#### Excerpted data

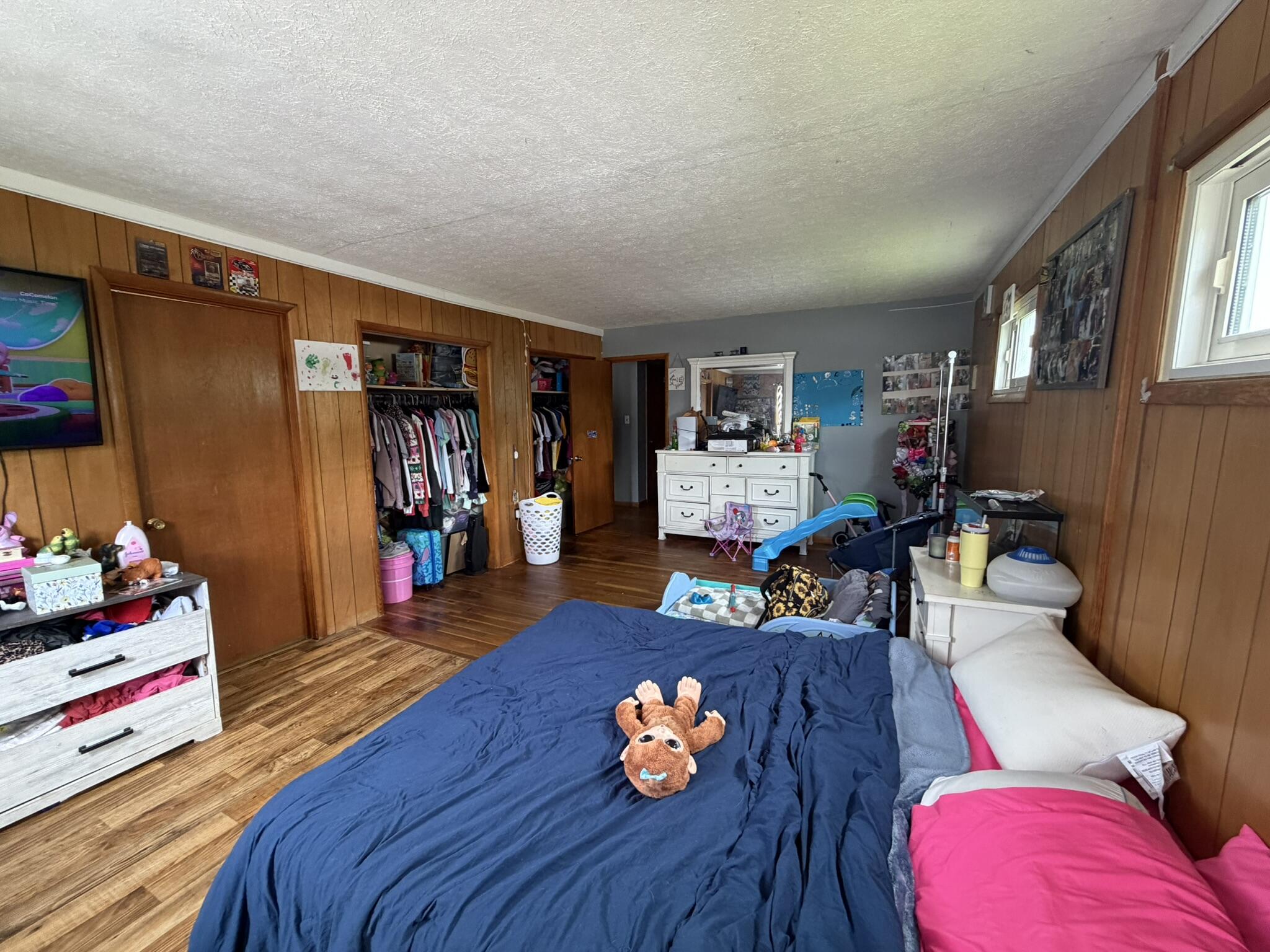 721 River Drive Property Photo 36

########
#### Excerpted data

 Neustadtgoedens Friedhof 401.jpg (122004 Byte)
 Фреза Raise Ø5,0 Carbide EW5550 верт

########

■ Task: Repeat, exactly as they stand above, the lines from the line with "Neustadtgoedens Friedhof 401.jpg" to the line with "Фреза Raise Ø5,0 Carbide EW5550 верт", both lines included.

■ Response to the exercise:
 Neustadtgoedens Friedhof 401.jpg (122004 Byte)
 Фреза Raise Ø5,0 Carbide EW5550 верт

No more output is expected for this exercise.